Output all the data exactly as it appears below.

START Supplied records

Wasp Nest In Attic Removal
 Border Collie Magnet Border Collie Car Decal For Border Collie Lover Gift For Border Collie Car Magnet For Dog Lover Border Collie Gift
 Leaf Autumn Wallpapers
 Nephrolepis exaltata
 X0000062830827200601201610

END Supplied records

## [Response to the exercise]
Wasp Nest In Attic Removal
 Border Collie Magnet Border Collie Car Decal For Border Collie Lover Gift For Border Collie Car Magnet For Dog Lover Border Collie Gift
 Leaf Autumn Wallpapers
 Nephrolepis exaltata
 X0000062830827200601201610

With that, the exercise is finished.